Records for processing
....................

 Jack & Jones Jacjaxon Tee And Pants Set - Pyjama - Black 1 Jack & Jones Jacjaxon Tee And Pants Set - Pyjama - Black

....................

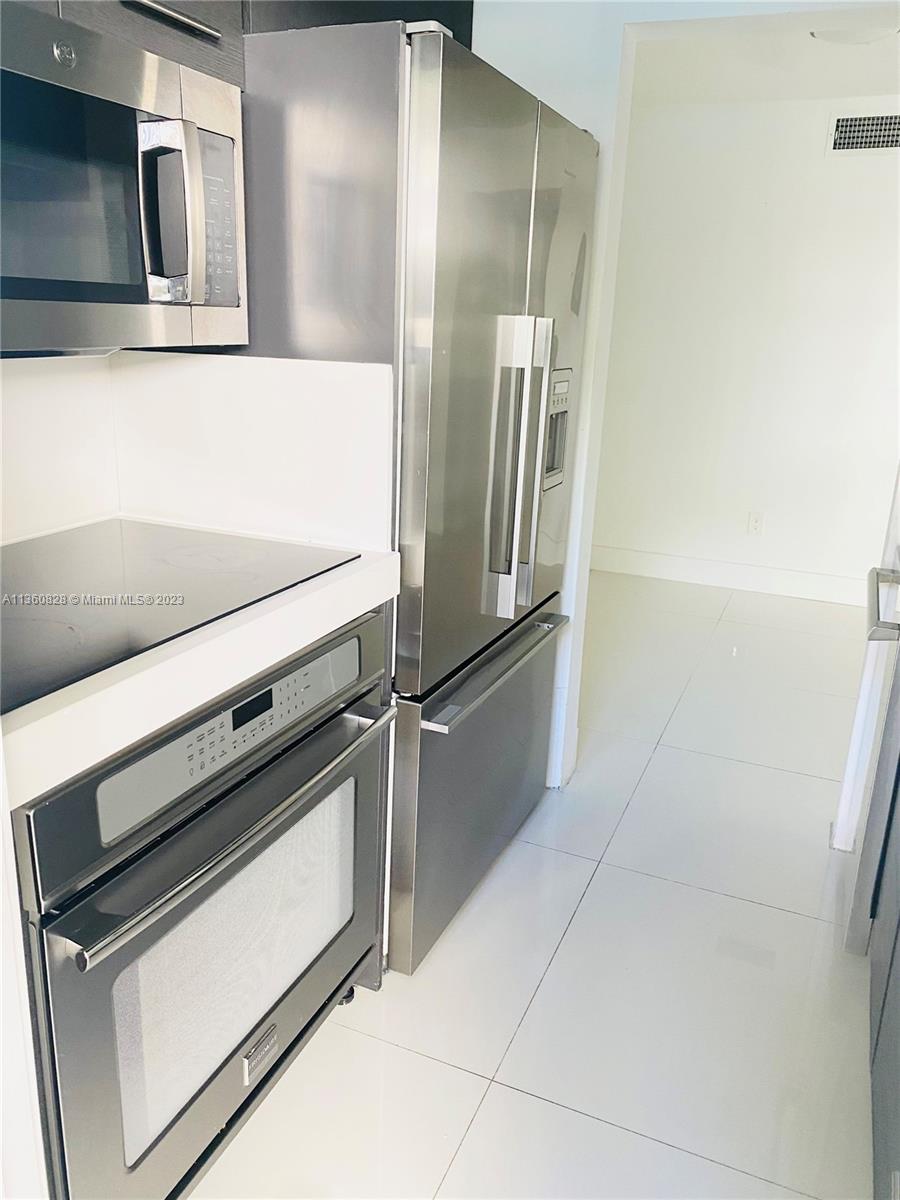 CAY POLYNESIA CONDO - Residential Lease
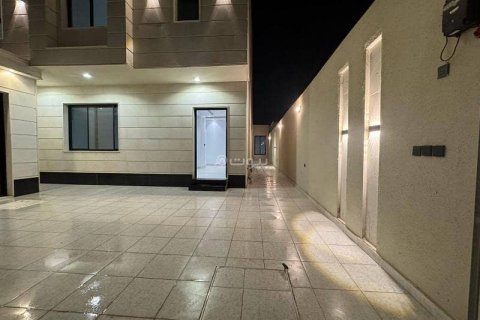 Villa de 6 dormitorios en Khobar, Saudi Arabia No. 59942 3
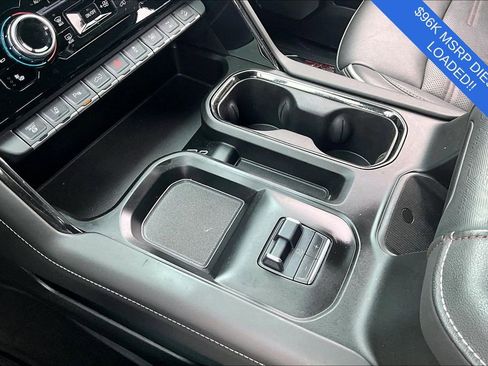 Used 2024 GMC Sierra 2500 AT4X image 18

....................

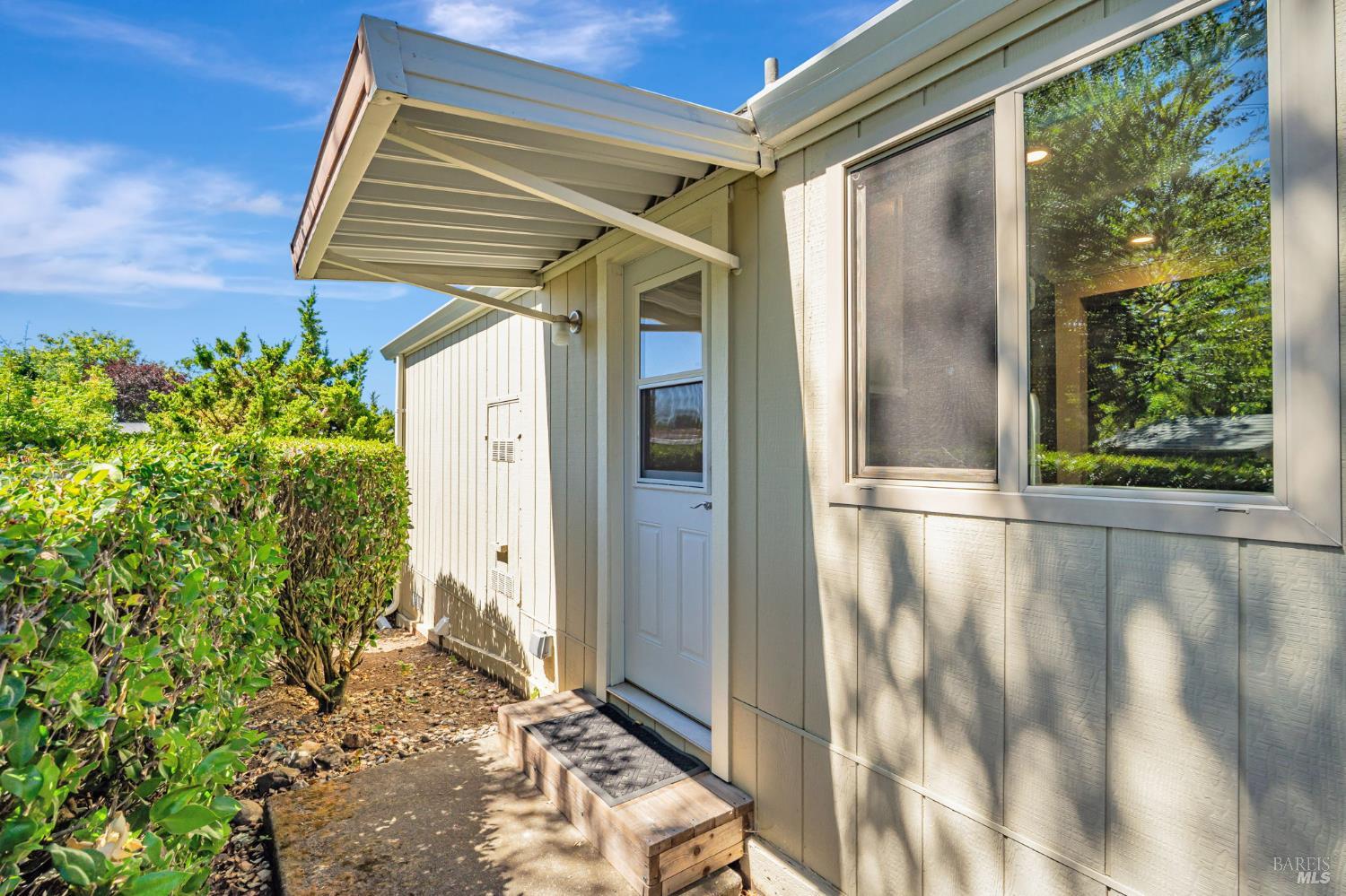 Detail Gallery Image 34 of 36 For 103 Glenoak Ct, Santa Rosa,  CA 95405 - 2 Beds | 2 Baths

....................

Problem statement
Exact copy, pictures excluded: every line above from the one containing "CAY POLYNESIA CONDO - Residential Lease" to the one containing "Used 2024 GMC Sierra 2500 AT4X image 18", inclusive, and nothing more.

Response to the task
 CAY POLYNESIA CONDO - Residential Lease
 Villa de 6 dormitorios en Khobar, Saudi Arabia No. 59942 3
 Used 2024 GMC Sierra 2500 AT4X image 18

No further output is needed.